Hmm, I wonder why the checksum in the 3rd row changed for `Float`

and `Double`

but not `Float80`

. I would expect it to stay the same for all three types, since the range `-greatestFiniteMagnitude ... 0`

uses the standard codepath in both versions, which has not changed.

Oops, looks like I accidentally posted results after having edited the third range (tried with `-1 ... 0`

), sorry about that.

## Here are the results again, with the correct 3rd range.

I've added the checksums for the previous version of your code after the ones for this latest version.

```
Float
0.226241222 seconds (checksum: 138254 (138254))
0.053931518 seconds (checksum: 5896375 (3957719))
0.212501097 seconds (checksum: 3631585 (3631585))
0.051749585 seconds (checksum: 5896271 (3957703))
Double
0.280503323 seconds (checksum: 2981475560360739 (2981475560360739))
0.079444674 seconds (checksum: 1323779508271287 (315125084029635))
0.277631542 seconds (checksum: 759283211863005 (759283211863005))
0.079980958 seconds (checksum: 1323779508272975 (315125084030247))
Float80
1.086825454 seconds (checksum: 1370150508309074436 (1370150508309074436))
0.377088032 seconds (checksum: 1289353272936233143 (8536050357597743157))
7.324208065 seconds (checksum: 4117734076763979444 (4117734076763979444))
0.392084622 seconds (checksum: 1289353272936204111 (8536050357597755341))
```

I’m noticing that the “fast path” is actually slower when using the `SystemRandomNumberGenerator`

.

With both `Float`

and `Double`

, my implementation is about 2x slower than the stdlib’s for `0..<1`

, but only 1.5x slower for `0..<1.5`

.

This makes sense, since the “fast path” requires 2 calls to the generator whereas the standard path only needs 1 call. When the generator is slow, that extra call has a major effect.
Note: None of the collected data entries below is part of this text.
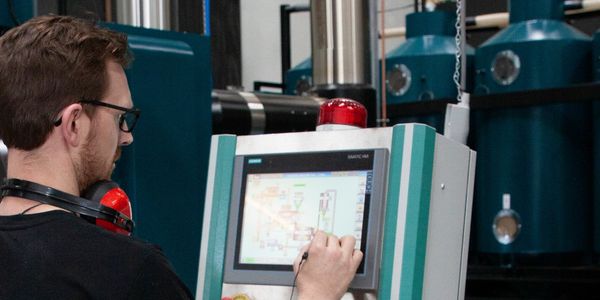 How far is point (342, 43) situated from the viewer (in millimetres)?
3047

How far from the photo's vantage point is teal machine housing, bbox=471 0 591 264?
152 inches

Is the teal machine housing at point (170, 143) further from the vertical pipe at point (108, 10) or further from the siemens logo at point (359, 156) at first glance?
the siemens logo at point (359, 156)

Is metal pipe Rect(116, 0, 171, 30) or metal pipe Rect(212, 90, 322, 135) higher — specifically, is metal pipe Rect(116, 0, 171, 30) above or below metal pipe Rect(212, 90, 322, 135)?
above

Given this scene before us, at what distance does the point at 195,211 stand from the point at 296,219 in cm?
61

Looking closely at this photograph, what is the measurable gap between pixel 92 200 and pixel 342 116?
0.42m

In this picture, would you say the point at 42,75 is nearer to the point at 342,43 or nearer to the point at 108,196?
the point at 108,196

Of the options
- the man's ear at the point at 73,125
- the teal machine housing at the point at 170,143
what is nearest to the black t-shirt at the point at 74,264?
the man's ear at the point at 73,125

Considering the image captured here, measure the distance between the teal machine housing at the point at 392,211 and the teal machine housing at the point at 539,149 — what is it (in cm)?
249

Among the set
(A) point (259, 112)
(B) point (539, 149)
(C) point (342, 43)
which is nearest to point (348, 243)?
(A) point (259, 112)

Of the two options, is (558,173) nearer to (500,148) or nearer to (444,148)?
(500,148)

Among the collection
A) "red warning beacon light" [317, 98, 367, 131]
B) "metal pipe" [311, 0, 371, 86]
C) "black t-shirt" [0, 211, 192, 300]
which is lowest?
"black t-shirt" [0, 211, 192, 300]

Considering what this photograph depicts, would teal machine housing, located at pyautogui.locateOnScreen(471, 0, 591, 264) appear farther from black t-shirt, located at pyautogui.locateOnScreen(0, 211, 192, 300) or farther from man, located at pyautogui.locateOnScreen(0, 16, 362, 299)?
black t-shirt, located at pyautogui.locateOnScreen(0, 211, 192, 300)

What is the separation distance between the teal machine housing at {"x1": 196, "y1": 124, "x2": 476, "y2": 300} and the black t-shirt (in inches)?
12.1

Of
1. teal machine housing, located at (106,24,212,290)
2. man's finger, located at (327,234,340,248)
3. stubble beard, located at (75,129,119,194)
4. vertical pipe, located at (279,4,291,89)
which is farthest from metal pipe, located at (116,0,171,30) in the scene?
vertical pipe, located at (279,4,291,89)
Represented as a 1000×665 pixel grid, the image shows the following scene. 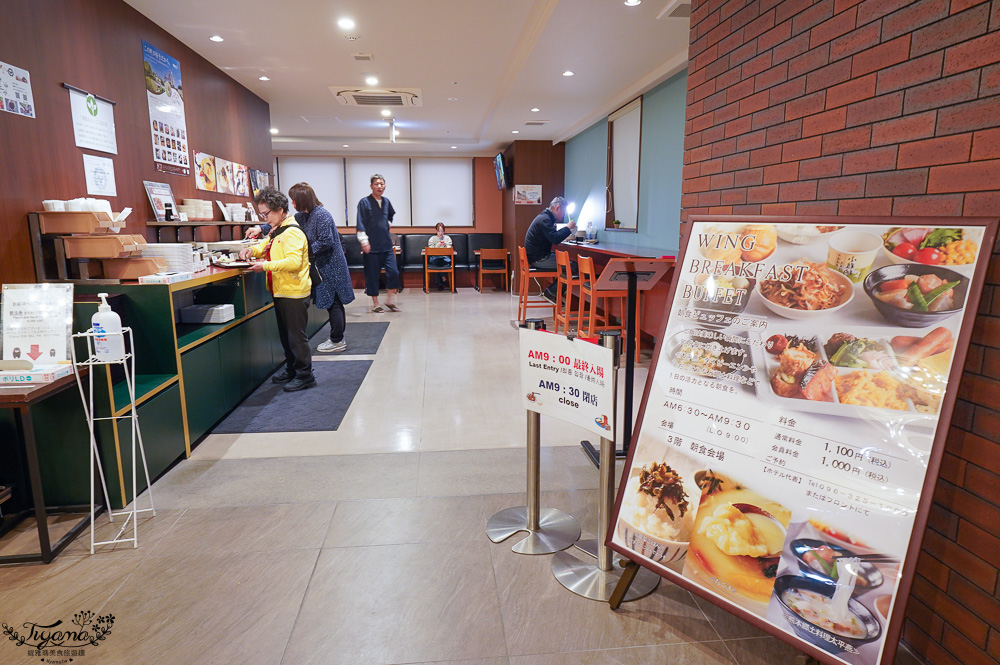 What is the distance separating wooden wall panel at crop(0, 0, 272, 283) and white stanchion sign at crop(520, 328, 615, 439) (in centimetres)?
261

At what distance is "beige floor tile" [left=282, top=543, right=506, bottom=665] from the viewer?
1705 millimetres

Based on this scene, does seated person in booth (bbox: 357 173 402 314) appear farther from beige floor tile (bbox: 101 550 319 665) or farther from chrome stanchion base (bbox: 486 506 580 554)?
beige floor tile (bbox: 101 550 319 665)

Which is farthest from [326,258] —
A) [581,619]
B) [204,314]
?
[581,619]

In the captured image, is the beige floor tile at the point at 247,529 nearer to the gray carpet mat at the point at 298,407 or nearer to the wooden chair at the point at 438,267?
the gray carpet mat at the point at 298,407

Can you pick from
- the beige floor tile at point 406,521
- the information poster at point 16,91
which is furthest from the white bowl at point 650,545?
the information poster at point 16,91

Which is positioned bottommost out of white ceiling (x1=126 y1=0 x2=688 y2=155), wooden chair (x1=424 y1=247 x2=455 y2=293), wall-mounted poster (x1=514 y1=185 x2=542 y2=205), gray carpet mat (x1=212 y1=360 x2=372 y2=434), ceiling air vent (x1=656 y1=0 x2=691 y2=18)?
gray carpet mat (x1=212 y1=360 x2=372 y2=434)

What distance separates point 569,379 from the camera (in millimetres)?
2039

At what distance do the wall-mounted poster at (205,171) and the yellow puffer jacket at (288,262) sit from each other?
4.15ft

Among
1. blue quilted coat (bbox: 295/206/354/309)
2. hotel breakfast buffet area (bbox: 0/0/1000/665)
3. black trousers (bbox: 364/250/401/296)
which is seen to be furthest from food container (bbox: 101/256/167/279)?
black trousers (bbox: 364/250/401/296)

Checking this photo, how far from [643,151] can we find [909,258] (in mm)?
5298

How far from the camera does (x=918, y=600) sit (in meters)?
1.66

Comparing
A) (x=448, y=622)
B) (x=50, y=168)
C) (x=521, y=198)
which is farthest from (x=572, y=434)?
(x=521, y=198)

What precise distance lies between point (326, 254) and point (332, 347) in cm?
109

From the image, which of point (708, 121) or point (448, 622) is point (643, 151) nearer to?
point (708, 121) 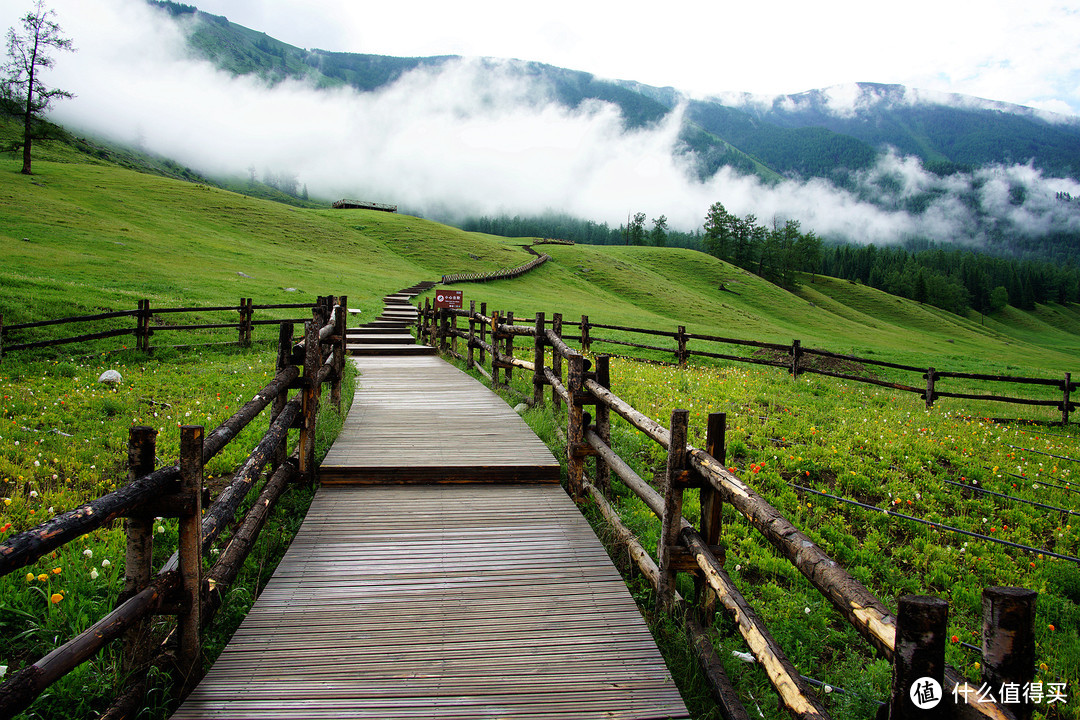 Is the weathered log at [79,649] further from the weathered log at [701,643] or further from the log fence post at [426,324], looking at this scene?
the log fence post at [426,324]

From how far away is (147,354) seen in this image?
13484 millimetres

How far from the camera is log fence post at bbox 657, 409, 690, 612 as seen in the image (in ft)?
11.3

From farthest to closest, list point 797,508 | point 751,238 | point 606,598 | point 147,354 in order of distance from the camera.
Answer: point 751,238
point 147,354
point 797,508
point 606,598

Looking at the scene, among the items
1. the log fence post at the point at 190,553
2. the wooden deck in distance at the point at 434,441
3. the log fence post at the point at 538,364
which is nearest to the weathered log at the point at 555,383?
the log fence post at the point at 538,364

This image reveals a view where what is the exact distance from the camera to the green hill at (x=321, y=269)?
23672mm

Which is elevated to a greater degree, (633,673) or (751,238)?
(751,238)

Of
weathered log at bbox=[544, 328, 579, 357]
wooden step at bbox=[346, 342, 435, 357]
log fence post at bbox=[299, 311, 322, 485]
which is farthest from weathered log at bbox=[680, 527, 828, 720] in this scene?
wooden step at bbox=[346, 342, 435, 357]

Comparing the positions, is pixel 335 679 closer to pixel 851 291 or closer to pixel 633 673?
pixel 633 673

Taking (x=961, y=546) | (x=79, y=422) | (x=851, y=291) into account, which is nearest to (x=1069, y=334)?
(x=851, y=291)

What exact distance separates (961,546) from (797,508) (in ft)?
5.34

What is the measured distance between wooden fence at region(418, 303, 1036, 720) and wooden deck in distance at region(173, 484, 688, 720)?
0.45 metres

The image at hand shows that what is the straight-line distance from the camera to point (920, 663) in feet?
5.37

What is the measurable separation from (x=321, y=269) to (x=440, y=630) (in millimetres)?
38553

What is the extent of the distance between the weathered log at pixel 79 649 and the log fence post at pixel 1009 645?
3.00 meters
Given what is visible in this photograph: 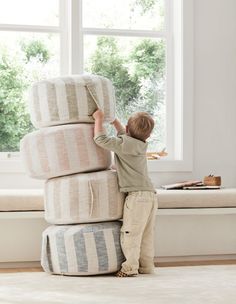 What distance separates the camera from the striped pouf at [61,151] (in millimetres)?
4434

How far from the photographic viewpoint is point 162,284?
4020 millimetres

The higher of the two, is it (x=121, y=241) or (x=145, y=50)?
(x=145, y=50)

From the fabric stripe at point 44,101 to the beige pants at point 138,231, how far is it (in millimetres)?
723

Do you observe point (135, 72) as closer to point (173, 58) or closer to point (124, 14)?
point (173, 58)

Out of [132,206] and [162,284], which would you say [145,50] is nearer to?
[132,206]

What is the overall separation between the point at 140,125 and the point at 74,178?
0.53m

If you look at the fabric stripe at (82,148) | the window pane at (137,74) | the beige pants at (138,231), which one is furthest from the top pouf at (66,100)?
the window pane at (137,74)

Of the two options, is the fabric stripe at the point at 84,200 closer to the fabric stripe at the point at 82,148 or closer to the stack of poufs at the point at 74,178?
the stack of poufs at the point at 74,178

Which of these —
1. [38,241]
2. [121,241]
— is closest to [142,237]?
[121,241]

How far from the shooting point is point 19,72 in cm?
568

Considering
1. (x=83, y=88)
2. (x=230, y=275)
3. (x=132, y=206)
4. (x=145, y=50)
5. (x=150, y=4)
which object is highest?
(x=150, y=4)

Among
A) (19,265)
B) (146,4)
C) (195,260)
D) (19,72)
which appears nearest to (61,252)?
(19,265)

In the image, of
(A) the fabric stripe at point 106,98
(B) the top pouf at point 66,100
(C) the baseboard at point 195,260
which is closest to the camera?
(B) the top pouf at point 66,100

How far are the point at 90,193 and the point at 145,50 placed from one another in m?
1.93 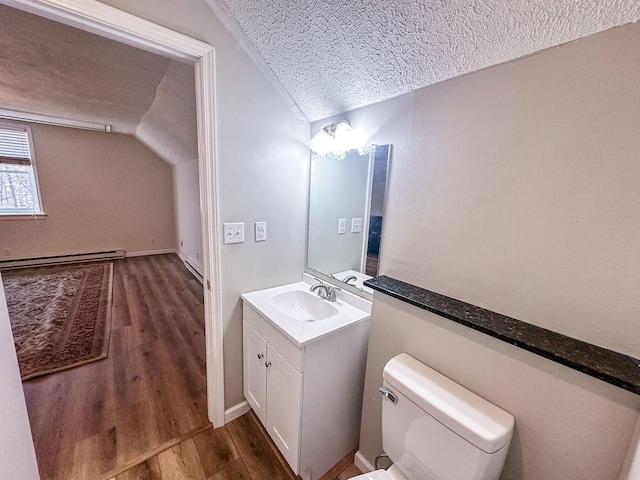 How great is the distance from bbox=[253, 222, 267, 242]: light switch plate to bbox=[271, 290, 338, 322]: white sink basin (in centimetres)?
36

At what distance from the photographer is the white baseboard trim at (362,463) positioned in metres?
1.29

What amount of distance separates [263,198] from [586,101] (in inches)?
52.1

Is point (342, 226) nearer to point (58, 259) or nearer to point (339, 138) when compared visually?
point (339, 138)

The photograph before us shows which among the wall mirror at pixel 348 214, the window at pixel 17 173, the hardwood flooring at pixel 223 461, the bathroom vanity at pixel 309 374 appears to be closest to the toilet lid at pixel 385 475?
the bathroom vanity at pixel 309 374

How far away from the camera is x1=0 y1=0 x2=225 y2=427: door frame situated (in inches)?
35.4

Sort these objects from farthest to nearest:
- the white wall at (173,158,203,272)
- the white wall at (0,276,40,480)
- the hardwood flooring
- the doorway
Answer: the white wall at (173,158,203,272)
the hardwood flooring
the doorway
the white wall at (0,276,40,480)

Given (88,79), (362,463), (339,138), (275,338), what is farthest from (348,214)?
(88,79)

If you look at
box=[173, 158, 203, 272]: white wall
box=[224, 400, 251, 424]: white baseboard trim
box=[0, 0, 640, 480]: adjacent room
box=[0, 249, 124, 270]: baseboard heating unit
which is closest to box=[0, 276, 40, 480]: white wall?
box=[0, 0, 640, 480]: adjacent room

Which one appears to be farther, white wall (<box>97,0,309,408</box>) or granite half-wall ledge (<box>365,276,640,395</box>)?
white wall (<box>97,0,309,408</box>)

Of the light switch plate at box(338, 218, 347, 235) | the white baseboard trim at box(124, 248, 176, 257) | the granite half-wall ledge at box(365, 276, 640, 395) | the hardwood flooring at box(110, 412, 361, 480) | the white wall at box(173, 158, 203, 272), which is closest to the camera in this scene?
the granite half-wall ledge at box(365, 276, 640, 395)

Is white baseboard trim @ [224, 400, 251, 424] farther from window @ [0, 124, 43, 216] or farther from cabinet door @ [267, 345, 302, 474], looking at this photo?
window @ [0, 124, 43, 216]

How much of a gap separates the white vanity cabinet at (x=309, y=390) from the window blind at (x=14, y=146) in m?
4.83

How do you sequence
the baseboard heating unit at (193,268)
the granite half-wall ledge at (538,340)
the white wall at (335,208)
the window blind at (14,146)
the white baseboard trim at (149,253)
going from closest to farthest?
the granite half-wall ledge at (538,340) → the white wall at (335,208) → the window blind at (14,146) → the baseboard heating unit at (193,268) → the white baseboard trim at (149,253)

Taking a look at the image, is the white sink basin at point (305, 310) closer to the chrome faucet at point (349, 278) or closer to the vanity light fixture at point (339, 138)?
the chrome faucet at point (349, 278) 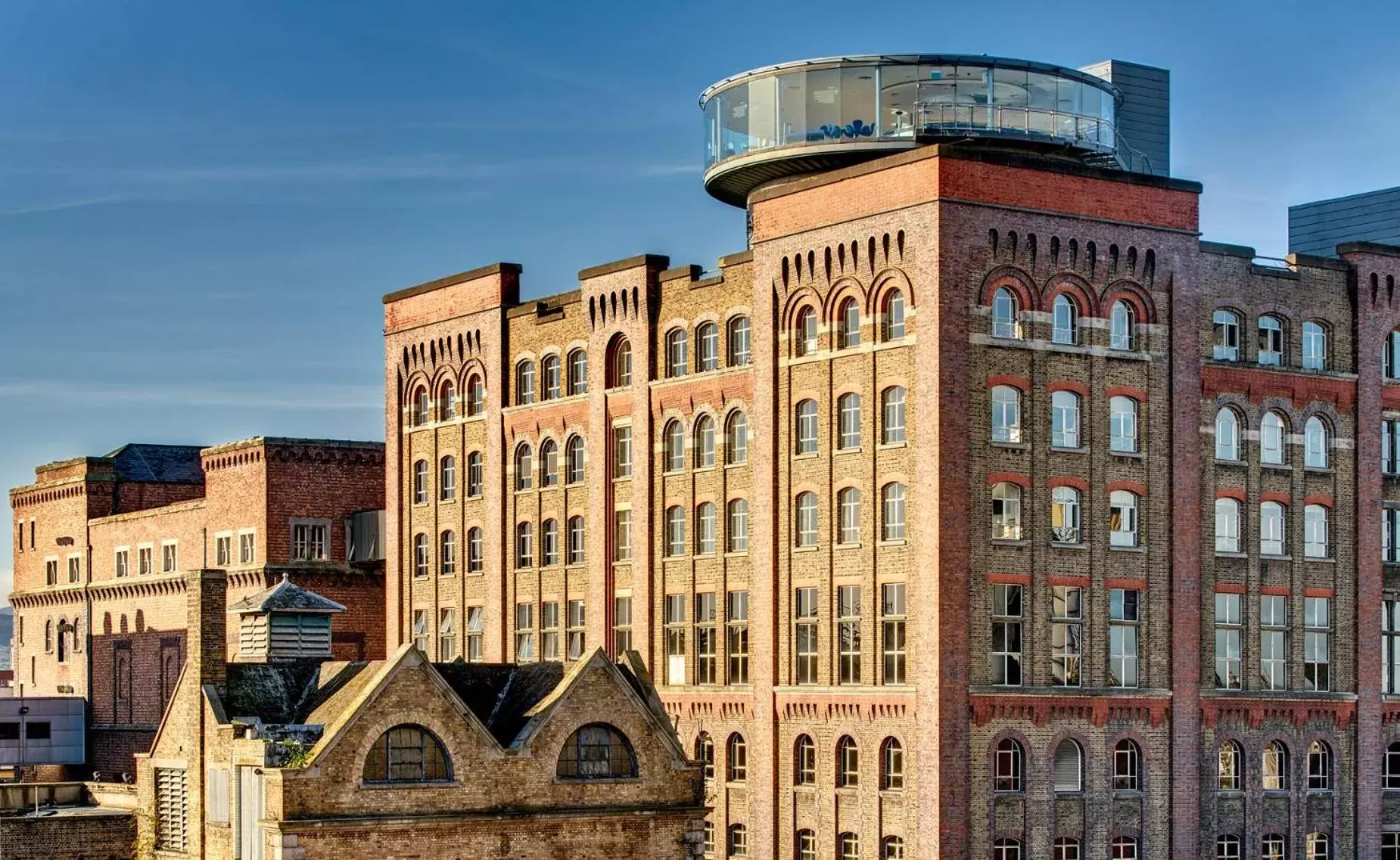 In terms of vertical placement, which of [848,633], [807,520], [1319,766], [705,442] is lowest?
[1319,766]

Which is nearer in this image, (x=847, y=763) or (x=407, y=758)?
(x=407, y=758)

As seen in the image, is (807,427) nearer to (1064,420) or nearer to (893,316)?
(893,316)

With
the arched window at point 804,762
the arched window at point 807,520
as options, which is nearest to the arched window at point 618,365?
the arched window at point 807,520

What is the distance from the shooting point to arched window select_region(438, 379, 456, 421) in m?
91.2

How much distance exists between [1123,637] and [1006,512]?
484cm

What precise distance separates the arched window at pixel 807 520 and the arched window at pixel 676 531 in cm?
616

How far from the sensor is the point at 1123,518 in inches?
2884

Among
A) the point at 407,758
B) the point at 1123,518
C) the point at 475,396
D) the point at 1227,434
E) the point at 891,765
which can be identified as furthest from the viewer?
the point at 475,396

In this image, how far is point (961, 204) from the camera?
70.4 m

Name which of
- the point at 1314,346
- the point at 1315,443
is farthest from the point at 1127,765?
the point at 1314,346

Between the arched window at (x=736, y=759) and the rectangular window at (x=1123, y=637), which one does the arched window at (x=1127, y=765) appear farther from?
the arched window at (x=736, y=759)

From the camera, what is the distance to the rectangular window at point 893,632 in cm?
7100

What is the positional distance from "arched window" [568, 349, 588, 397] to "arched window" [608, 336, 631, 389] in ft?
4.50

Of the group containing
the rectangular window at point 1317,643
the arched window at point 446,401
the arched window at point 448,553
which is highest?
the arched window at point 446,401
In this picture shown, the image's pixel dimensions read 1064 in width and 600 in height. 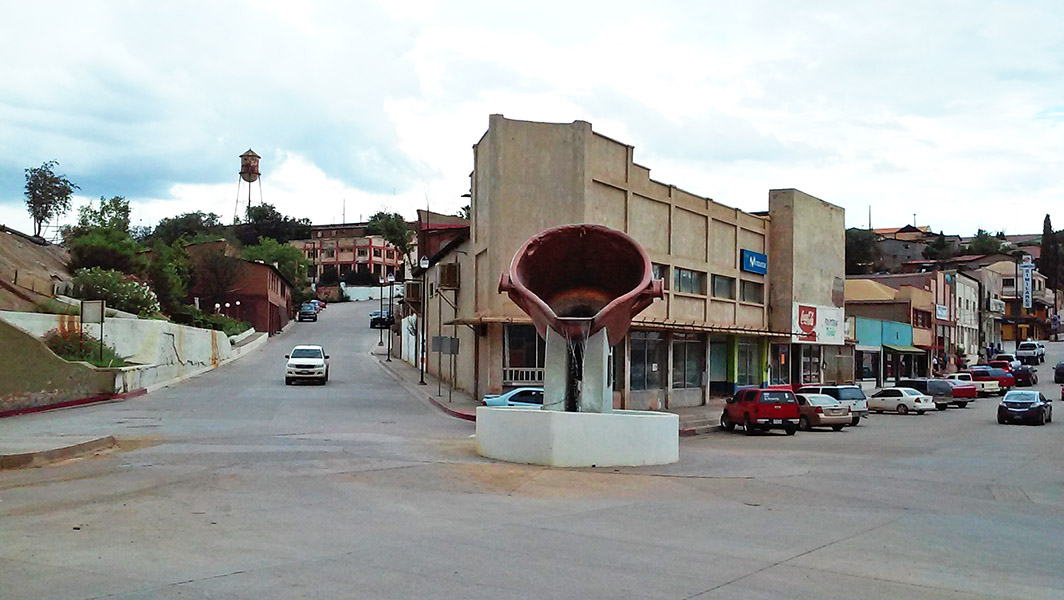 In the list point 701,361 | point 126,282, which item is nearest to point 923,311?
point 701,361

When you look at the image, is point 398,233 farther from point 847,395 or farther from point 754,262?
point 847,395

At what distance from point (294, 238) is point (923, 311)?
4047 inches

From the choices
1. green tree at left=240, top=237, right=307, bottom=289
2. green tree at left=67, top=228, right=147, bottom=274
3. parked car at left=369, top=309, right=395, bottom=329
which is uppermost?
green tree at left=240, top=237, right=307, bottom=289

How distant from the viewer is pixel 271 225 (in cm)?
14938

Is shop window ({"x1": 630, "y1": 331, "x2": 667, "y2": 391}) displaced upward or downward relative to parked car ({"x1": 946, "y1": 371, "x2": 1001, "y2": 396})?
upward

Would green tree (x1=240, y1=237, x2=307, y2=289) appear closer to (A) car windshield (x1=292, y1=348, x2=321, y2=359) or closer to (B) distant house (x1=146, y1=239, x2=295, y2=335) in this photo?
(B) distant house (x1=146, y1=239, x2=295, y2=335)

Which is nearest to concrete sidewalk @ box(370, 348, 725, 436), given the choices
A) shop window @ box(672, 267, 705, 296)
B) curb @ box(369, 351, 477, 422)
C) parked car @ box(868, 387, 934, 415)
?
curb @ box(369, 351, 477, 422)

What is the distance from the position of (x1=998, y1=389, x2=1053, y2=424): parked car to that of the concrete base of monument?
21621mm

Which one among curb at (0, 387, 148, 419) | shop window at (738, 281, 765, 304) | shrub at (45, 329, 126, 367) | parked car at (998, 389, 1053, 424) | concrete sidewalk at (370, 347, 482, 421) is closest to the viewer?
curb at (0, 387, 148, 419)

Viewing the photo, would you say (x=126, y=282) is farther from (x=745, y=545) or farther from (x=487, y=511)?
(x=745, y=545)

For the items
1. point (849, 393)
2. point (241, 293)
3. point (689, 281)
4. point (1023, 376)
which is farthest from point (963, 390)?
point (241, 293)

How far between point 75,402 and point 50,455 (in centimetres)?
1340

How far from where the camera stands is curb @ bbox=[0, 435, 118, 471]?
616 inches

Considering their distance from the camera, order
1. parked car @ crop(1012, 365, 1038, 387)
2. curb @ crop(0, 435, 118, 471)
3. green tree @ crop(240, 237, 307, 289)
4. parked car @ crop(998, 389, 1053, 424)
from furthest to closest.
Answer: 1. green tree @ crop(240, 237, 307, 289)
2. parked car @ crop(1012, 365, 1038, 387)
3. parked car @ crop(998, 389, 1053, 424)
4. curb @ crop(0, 435, 118, 471) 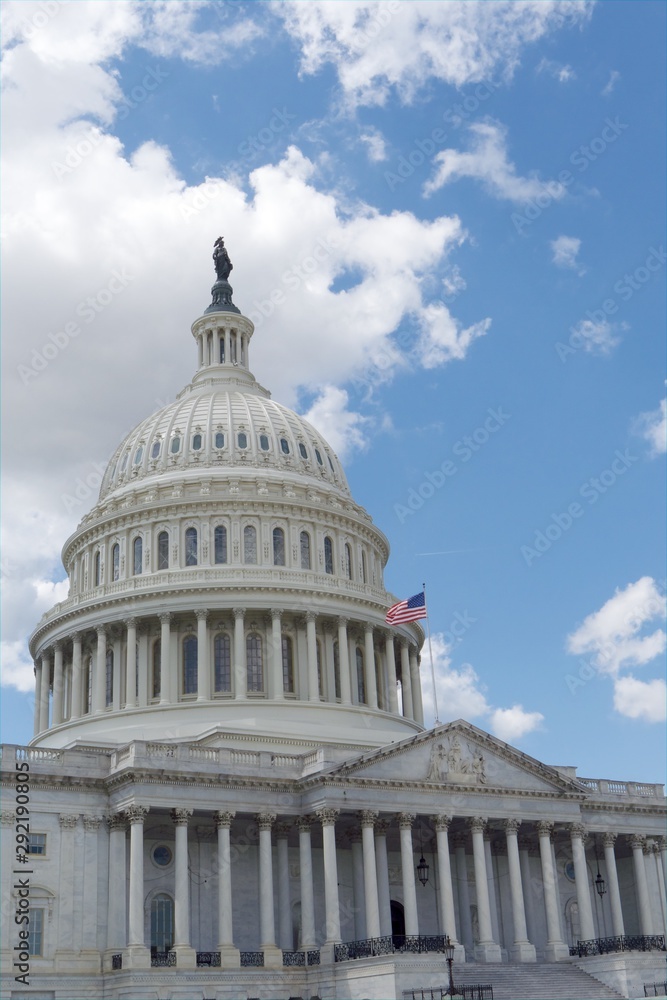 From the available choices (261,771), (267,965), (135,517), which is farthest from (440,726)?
(135,517)

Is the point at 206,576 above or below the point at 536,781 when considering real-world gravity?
above

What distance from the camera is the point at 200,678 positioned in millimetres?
71938

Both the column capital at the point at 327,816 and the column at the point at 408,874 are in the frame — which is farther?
the column at the point at 408,874

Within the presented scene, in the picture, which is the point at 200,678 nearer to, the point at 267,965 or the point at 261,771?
the point at 261,771

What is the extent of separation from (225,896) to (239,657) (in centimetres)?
1909

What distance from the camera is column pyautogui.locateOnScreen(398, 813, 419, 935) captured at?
189 feet

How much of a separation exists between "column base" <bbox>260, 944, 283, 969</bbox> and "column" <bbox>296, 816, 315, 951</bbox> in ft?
5.69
In contrast, with `Xoroshiro128Plus`

, my implementation is about 4x slower for `0..<1`

, and about 12x slower for `0..<1.5`

.

When the generator is fast, a second call to it doesn’t matter and the simpler logic of the fast path does indeed make it faster.

Interestingly, with `Float80`

and the system generator, my implementation is only about 1.2x slower than the stdlib’s on `0..<1`

, and 1.6x slower on `0..<1.5`

.

• • •

Edit:

I just added a check so the “fast path” is not used with `SystemRandomNumberGenerator`

. And…it significantly sped up `Float`

and `Double`

on `0..<1`

so they’re only 1.2x slower than the stdlib with the system random number generator now.

It did bump `Float80`

down to 1.3x slower than the stdlib, but I’m much more interested in optimizing for `Float`

and `Double`

.

This is getting close!

• • •

Edit 2:

For many subnormal ranges like `0 ..< .leastNormalMagnitude/4`

, using the system RNG my implementation is about 0–5% faster than the stdlid for `Float`

and `Double`

, and about 35–40% faster for `Float80`

.

And using xoroshiro, my implementation is 25–30% faster for `Float`

and `Double`

, and a whopping 45–50% faster for `Float80`

.

I’m starting to think this might actually be viable.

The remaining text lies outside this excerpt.